The best (I hope) 2 alternatives I thought are:
(1) create one varchar(255?) column, with all 50 ids, so something like this:
column energy (7.00)
column carbohydrates (89.95)
column fats (63.12)
column value_bil_ids (165862,14861,816486) ## as a varchar
etc...
In this case, I can split it with "," to an array and check the ids, but I'm still worried about coding praticity... this could save too many columns, but I don't know how much could be pratical in order to scalability too.
Principally, I thought this option usual for query optimization (I hope!)
(2) Simply using an additional id column for every value, so:
column energy (7.00)
column energy_bibl_id (165862)
column carbohydrates (89.95)
column carbohydrates_bibl_id (14861)
column fats (63.12)
column fats_bibl_id (816486)
etc...
It seems to be a weightful number of columns, but much clear then first, especially for the relation of any value column and his ID.
(3) Create a relational table behind values and bibliographies, so
table values
energy
carbohydrates
fats
value_id --> point to table values_and_bibliographies val_bib_id
table values_and_bibliographies
val_bib_id
energy_id --> point to table bibliographies biblio_id
carbohydrates_id --> point to table bibliographies biblio_id
fats_id --> point to table bibliographies biblio_id
table bibliographies
biblio_id
biblio_name
biblio_year
I don't know if these are the best solutions, and I shall be grateful if someone will help me to bring light on it!

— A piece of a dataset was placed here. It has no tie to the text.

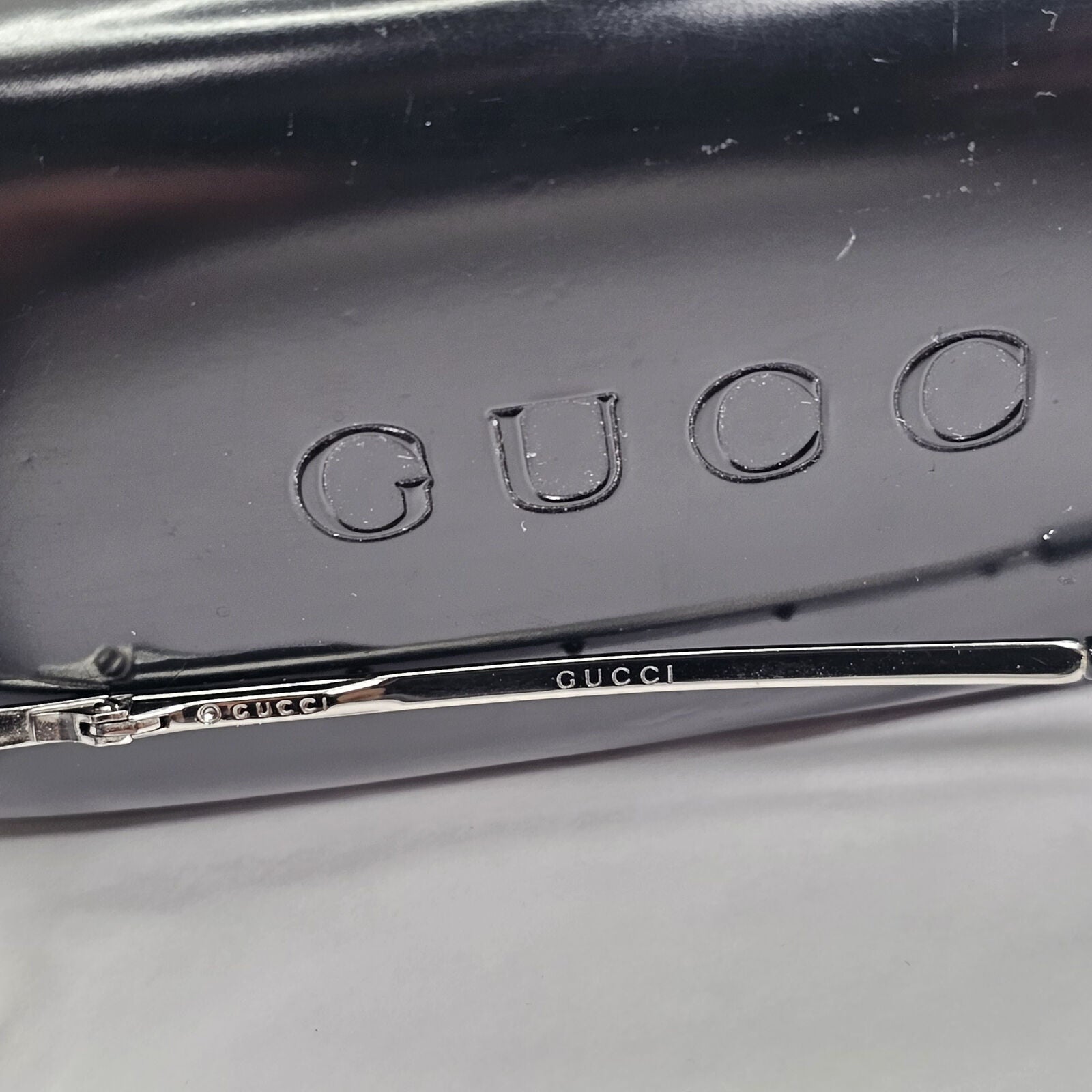 Gucci Sunglasses 2001 Vintage Square Silver Grey Retro GG 1753/N/S 6LB 200124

You need to normalize that table. What you are doing is madness and will cause you to loose hair. They are called relational databases so you can do what you want without adding of columns. You want to structure it so you add rows.
Please use real names and we can whip a schema out.
edit Good edit. #3 is getting close to a sane design. But you are still very unclear about what a bibliography is doing in a food schema! I think this is what you want. You can have a food and its components linked to a bibliography. I assume bibliography is like a recipe?
FOODS
id name
1 broccoli
2 chicken
COMPONENTS
id name
1 carbs
2 fat
3 energy
BIBLIOGRAPHIES
id name year
1 chicken soup 1995
FOOD_COMPONENTS links foods to their components
id food_id component_id bib_id value
1 1 1 1 25 grams
2 1 2 1 13 onces
So to get data you use a join.
SELECT * from FOOD_COMPONENTS fc
INNER JOIN COMPONENTS c on fc.component_id = c.id
INNER JOIN FOODS f on fc.foods_id = f.id
INNER JOIN BIBLIOGRAPHIES b on fc.bib_id = b.id
WHERE
b.name = 'Chicken Soup'

You seriously need to consider redesiging your database structure - it isn't recommended to keep adding columns to a table when you want to store additional data that relates to it.
In a relational database you can relate tables to one another through the use of foreign keys. Since you want to store a bunch of values that relate to your data, create a new table (called values or whatever), and then use the id from your original table as a foreign key in your new table.
Such a design that you have proposed will make writing queries a major headache, not to mention the abundance of null values you will have in your table assuming you don't need to fill every column..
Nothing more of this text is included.